А колокол все бьет, мерный, торжественный. Одеваясь, выхожу в маленький, нагретый солнцем коридорчик. На окне цветы в горшках, напротив — дверь к тете Кате и Паше. С другой стороны входит учительница, Ольга Михайловна. Она — из Прибалтики, кажется, из Литвы, и фамилия у нее пресмешная: Ло-бя-кас… Лобякас в черном платье с ослепительно белым подкрахмаленным передником.
— Ты уже встал? Ну, доброе утро. Идем, я покажу тебе на кухне, где умыться, а потом будем пить чай!
Через лестничную клетку, просторную, куда выходят топки всех голландских печей, около которых лежат уже приготовленные вязанки дров, проходим в кухню и потом дальше, в столовую. Все уже встали раньше, напились чаю и ушли гулять. Меня поит чаем Ольга Михайловна. После нашей полуголодной жизни белый хлеб с маслом и кусок холодной курицы казались удивительно вкусными…
Вскоре после завтрака наступило время знакомства с детьми. Старший — Леша, бывший кадет Ярославского корпуса, еще донашивающий черную шинель с красными погончиками. Ему лет тринадцать. Вслед за ним идет Маша — старшая из сестер; она всего годом, или немного больше, старше меня. Этих двоих я знаю: тетя Катя заезжала с ними проездом, когда везла Лешу в корпус, а Машу — в Петербург, в Смольный институт.
Об этом их приезде я уже говорил раньше, как и о гусе, которым дразнили мы бедную Машу. Пожалуй, лишь эта сценка одна и осталась в памяти от их приезда. Впрочем, запомнилась не столько она, сколько вызванное ею острое и мутноватое наслаждение.

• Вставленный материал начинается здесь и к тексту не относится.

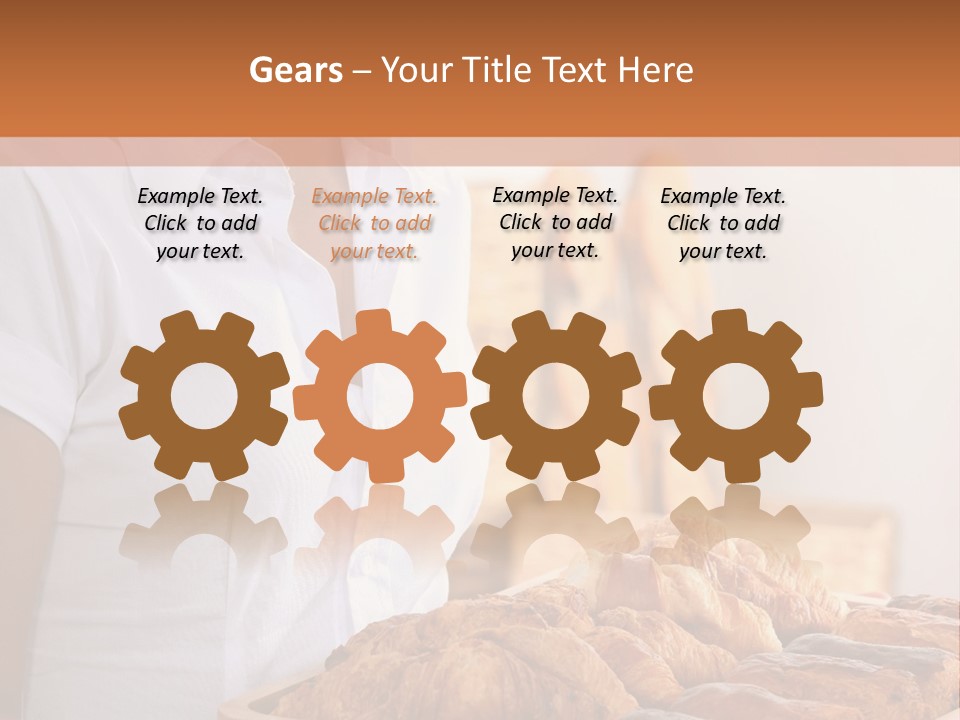 Bread Loaf Fresh PowerPoint Template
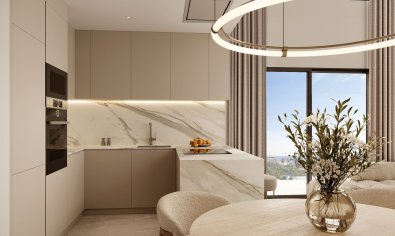 Obra nueva - Apartamento / piso -
Calpe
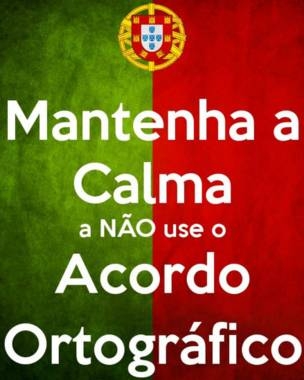 Associações querem exterminar o Acordo Ortográfico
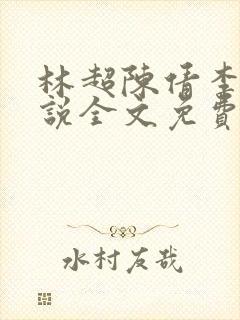林超陈倩李珊小说全文免费阅读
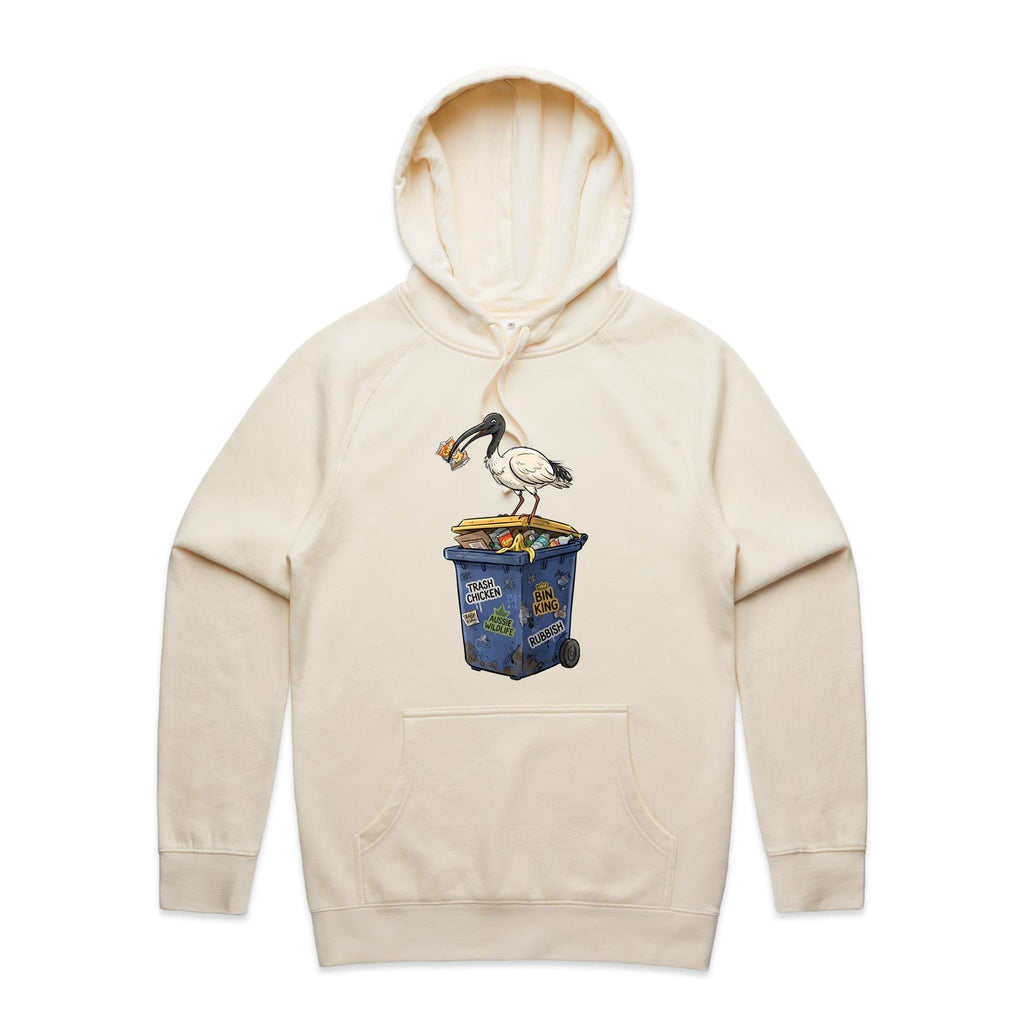 Bin Chicken Australian Ibis Men's AS Colour Hoodie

Причина этого наслаждения была мне самому неясна в то время. Только много позже я усмотрел в этом и других отдельных намеках, безотчетно сводившихся к стремлению мучить более слабых людей и животных, сексуальную подкладку ранней чувственности. Здесь, мне кажется, своевременно коснуться этой темы, хотя и придется вернуться немного назад. Я никогда не был почитателем Фрейда и не склонен относить и даже насильно притягивать к сексуальной сфере все явления психологии и окружающей ребенка жизни. Но, конечно, временами эта сфера вламывалась откуда-то извне во многие явления и переживания гораздо раньше, чем мог себе это представить кто-либо из окружавших меня взрослых. Какие-то уклонения моего развития, вернее, характер и направленность таких уклонений, диктовались, может быть, своеобразным одиночеством — отсутствием сверстников — и особенностями воспитания; впрочем, я думаю, что так или иначе, может быть, несколько позже, через это проходят многие дети, во всяком случае, мальчики.